To do:
Repeat, exactly as they appear, the lines from the one with "Body Cover Mobil" through the last line of the entries below, but none of the pictures.
───── Given data ─────
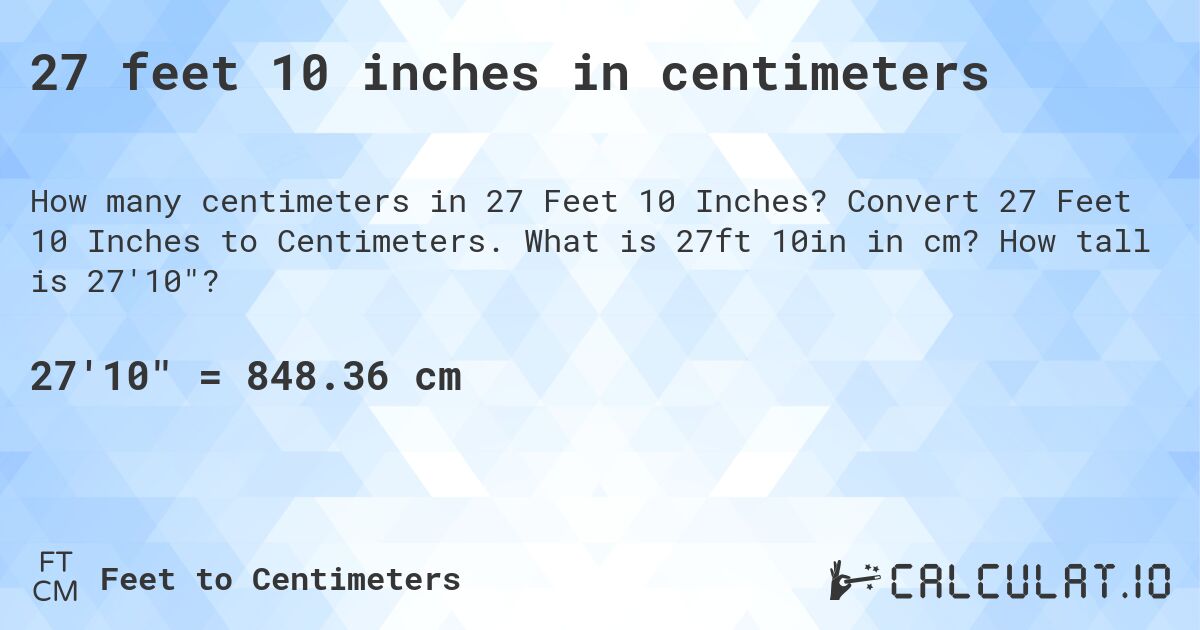 27 feet 10 inches in centimeters. Convert 27 Feet 10 Inches to Centimeters. What is 27ft 10in in cm? How tall is 27'10?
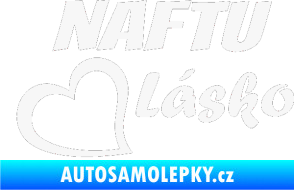 Samolepka Naftu Lásko bílá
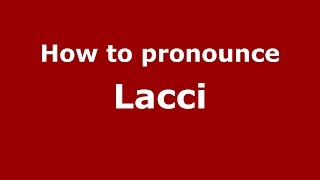 How to pronounce Lacci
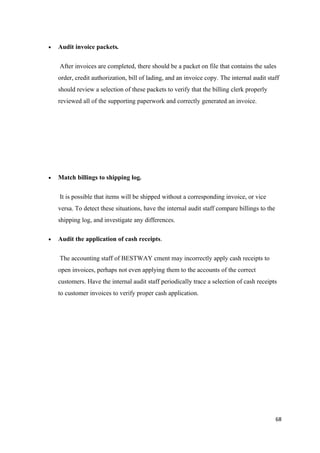 • Audit invoice packets.
After invoices are completed, there should be a packet on file that contains the sales
order, credit authorization, bill of lading, and an invoice copy. The internal audit staff
should review a selection of these packets to verify that the billing clerk properly
reviewed all of the supporting paperwork and correctly generated an invoice.
• Match billings to shipping log.
It is possible that items will be shipped without a corresponding invoice, or vice
versa. To detect these situations, have the internal audit staff compare billings to the
shipping log, and investigate any differences.
• Audit the application of cash receipts.
The accounting staff of BESTWAY cment may incorrectly apply cash receipts to
open invoices, perhaps not even applying them to the accounts of the correct
customers. Have the internal audit staff periodically trace a selection of cash receipts
to customer invoices to verify proper cash application.
68
 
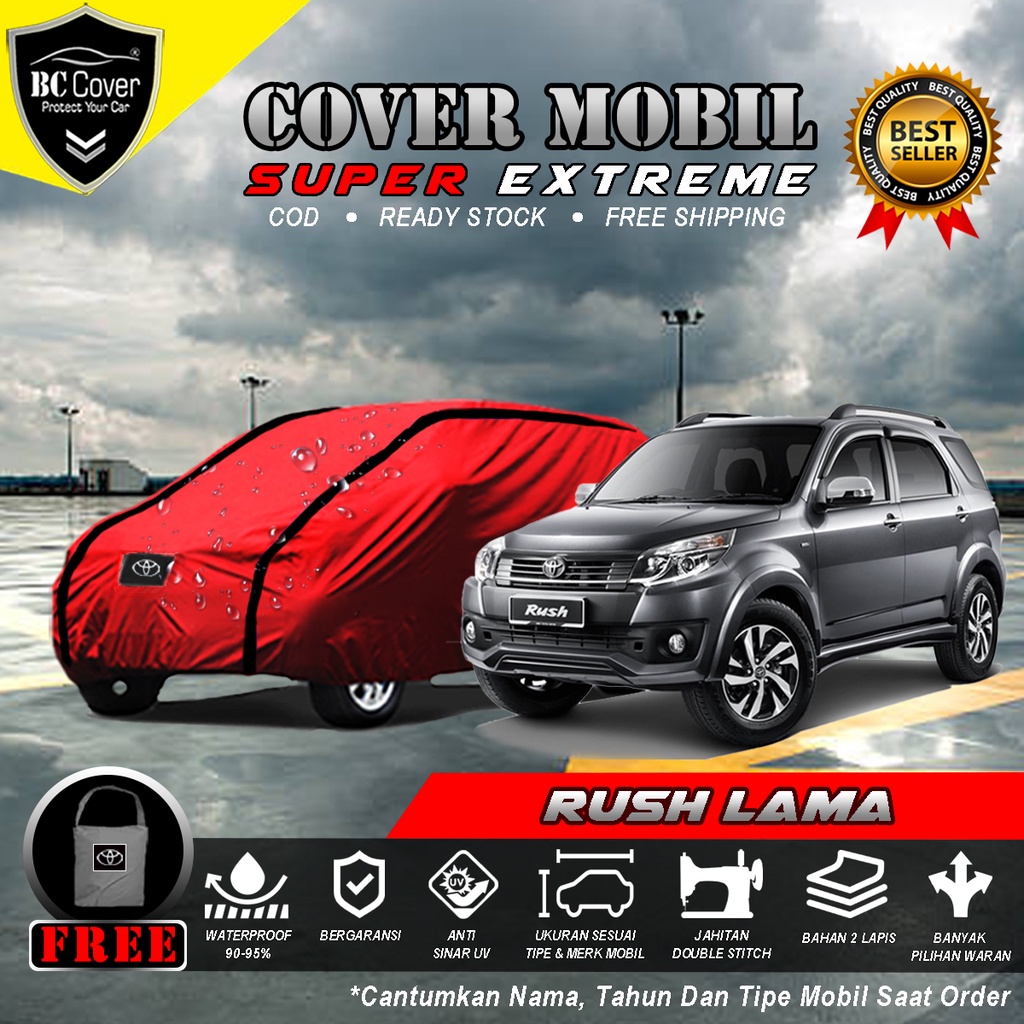 Body Cover Mobil Rush Lama Outdoor Waterproof / Sarung Mobil Rush Konde Waterproof / Selimut Tutup Penutup Mantol Kerudung Mantel Mobil Toyota Rush Waterproof Outdoor Anti Air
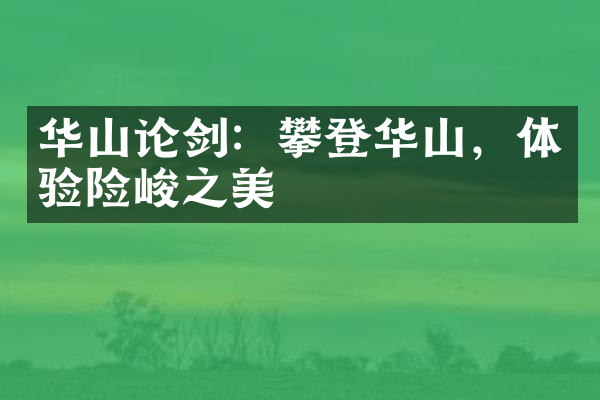 华山论剑：攀登华山，体验险峻之美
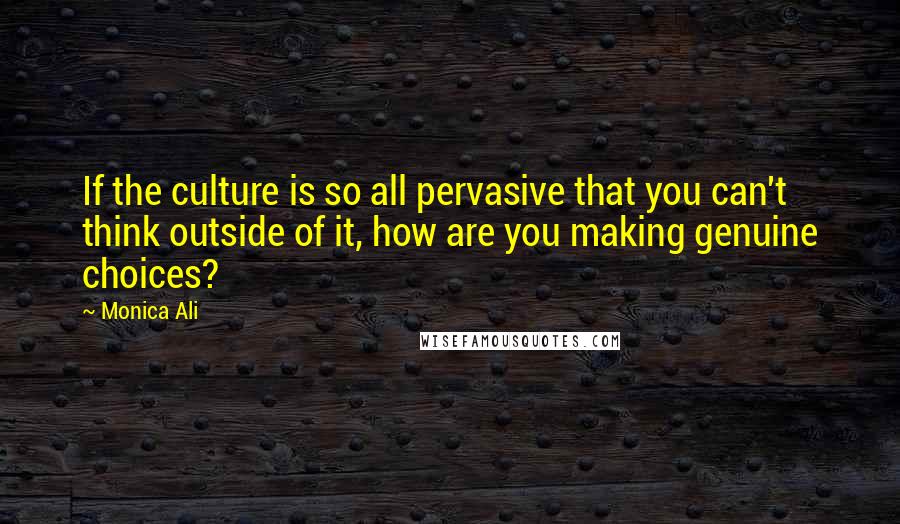 Monica Ali quotes: If the culture is so all pervasive that you can't think outside of it, how are you making genuine choices?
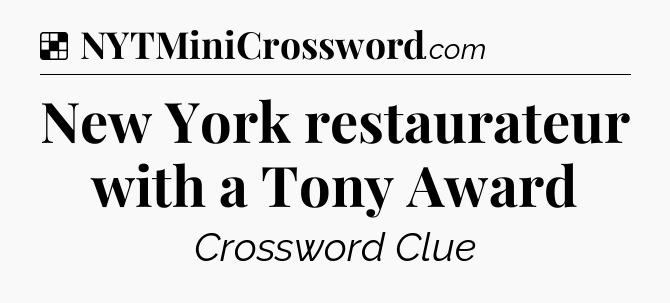 Solution: New York restaurateur with a Tony Award - NYT Crossword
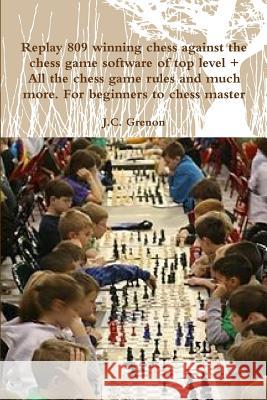 Replay 809 Winning Chess Against the High Chess Software + All the Chess Rules and Much More J.C. Grenon 9781329974951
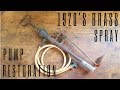 1920's Brass Spray Pump Restoration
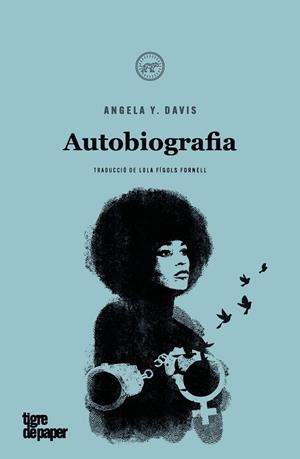 AUTOBIOGRAFIA (ANGELA DAVIS) | 9788418705588 | DAVIS, ANGELA
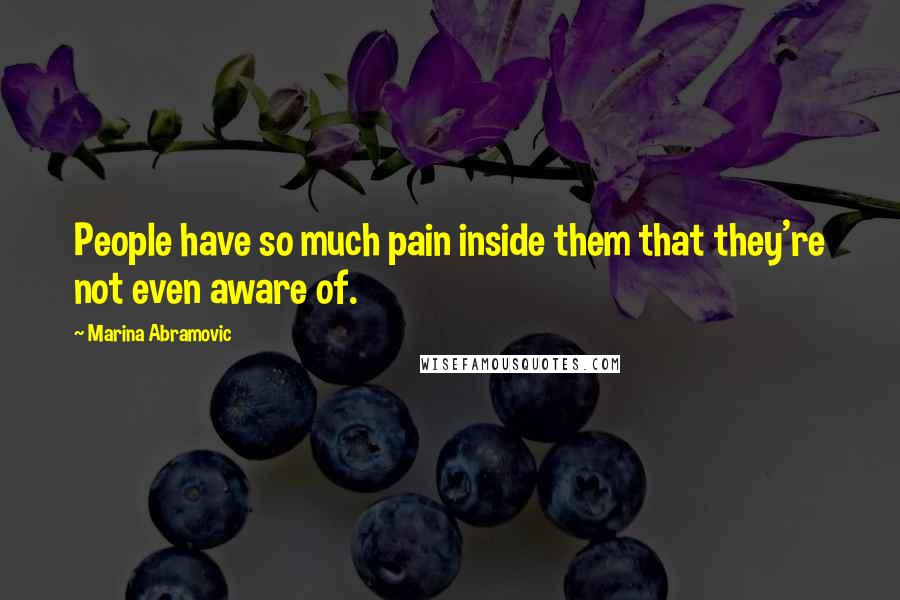 Marina Abramovic Quotes: People have so much pain inside them that they're not even aware of.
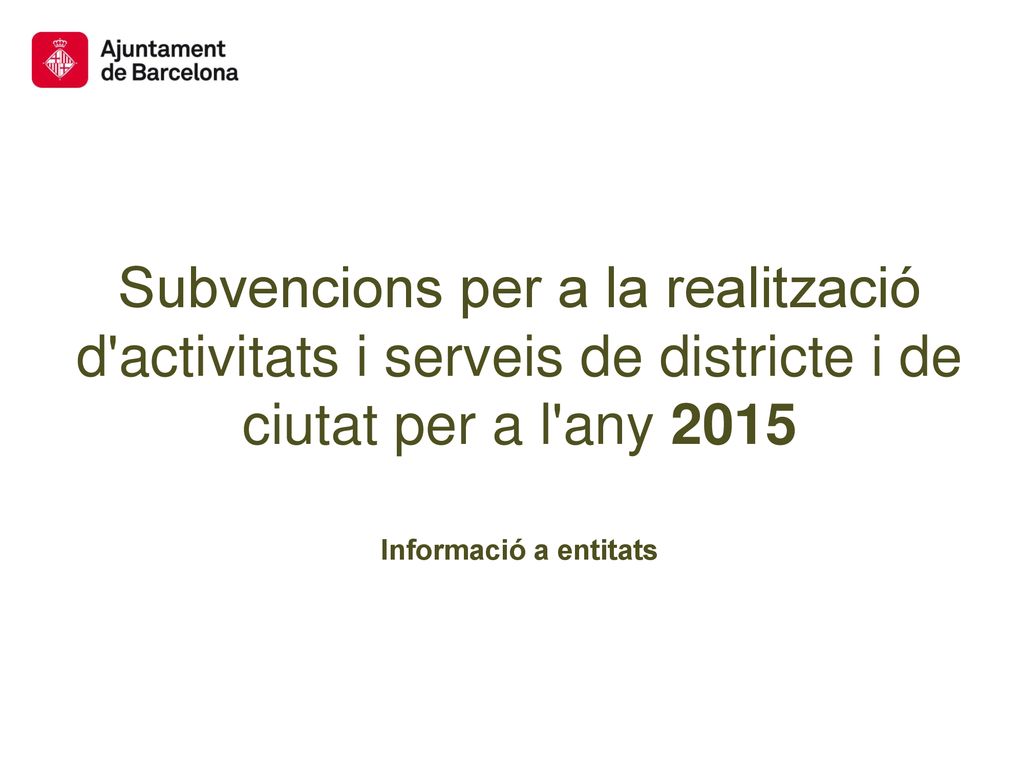 Subvencions per a la realització d activitats i serveis de districte i de ciutat per a l any 2015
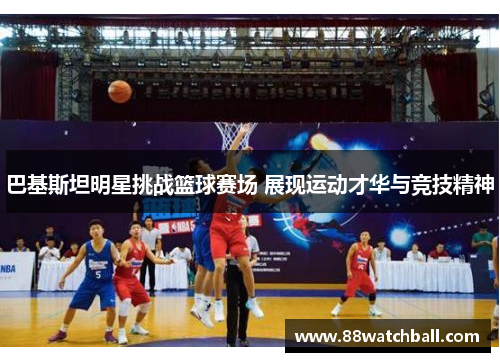 巴基斯坦明星挑战篮球赛场 展现运动才华与竞技精神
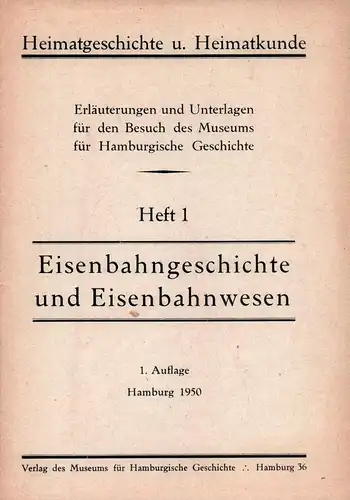 Eisenbahngeschichte und Eisenbahnwesen. 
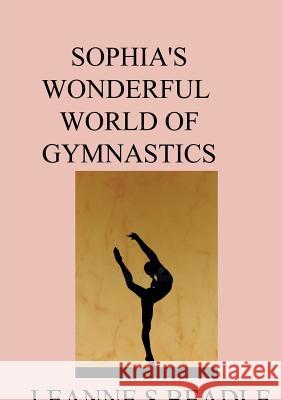 Sophia's Wonderful World of Gymnastics L S Beadle 9780244401436 Lulu.com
─────
Solution for this problem:
 Body Cover Mobil Rush Lama Outdoor Waterproof / Sarung Mobil Rush Konde Waterproof / Selimut Tutup Penutup Mantol Kerudung Mantel Mobil Toyota Rush Waterproof Outdoor Anti Air
 华山论剑：攀登华山，体验险峻之美
 Monica Ali quotes: If the culture is so all pervasive that you can't think outside of it, how are you making genuine choices?
 Solution: New York restaurateur with a Tony Award - NYT Crossword
 Replay 809 Winning Chess Against the High Chess Software + All the Chess Rules and Much More J.C. Grenon 9781329974951
 1920's Brass Spray Pump Restoration
 AUTOBIOGRAFIA (ANGELA DAVIS) | 9788418705588 | DAVIS, ANGELA
 Marina Abramovic Quotes: People have so much pain inside them that they're not even aware of.
 Subvencions per a la realització d activitats i serveis de districte i de ciutat per a l any 2015
 巴基斯坦明星挑战篮球赛场 展现运动才华与竞技精神
 Eisenbahngeschichte und Eisenbahnwesen. 
 Sophia's Wonderful World of Gymnastics L S Beadle 9780244401436 Lulu.com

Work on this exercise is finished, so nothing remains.